(RECORDED INFORMATION begins)
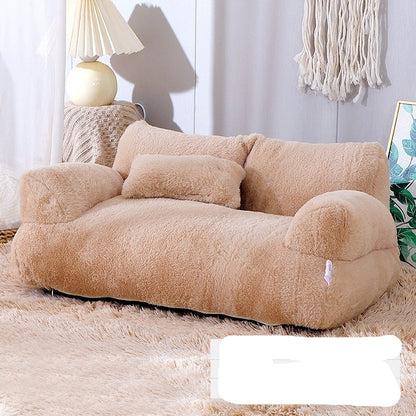 Luxury Cat Bed Sofa – Winter Warm & Comfortable Pet Nest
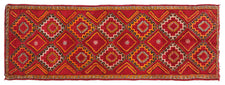 Vintage Moroccan Runner Rug Badrieh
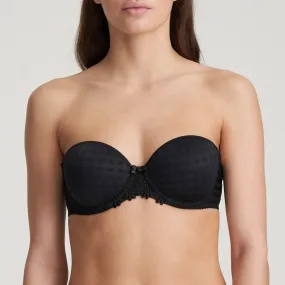 Avero Strapless Bra | Black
(RECORDED INFORMATION ends)
### PROBLEM TO SOLVE
All of the data needs repeating exactly, but the pictures do not.

### RESPONSE AREA
 Luxury Cat Bed Sofa – Winter Warm & Comfortable Pet Nest
 Vintage Moroccan Runner Rug Badrieh
 Avero Strapless Bra | Black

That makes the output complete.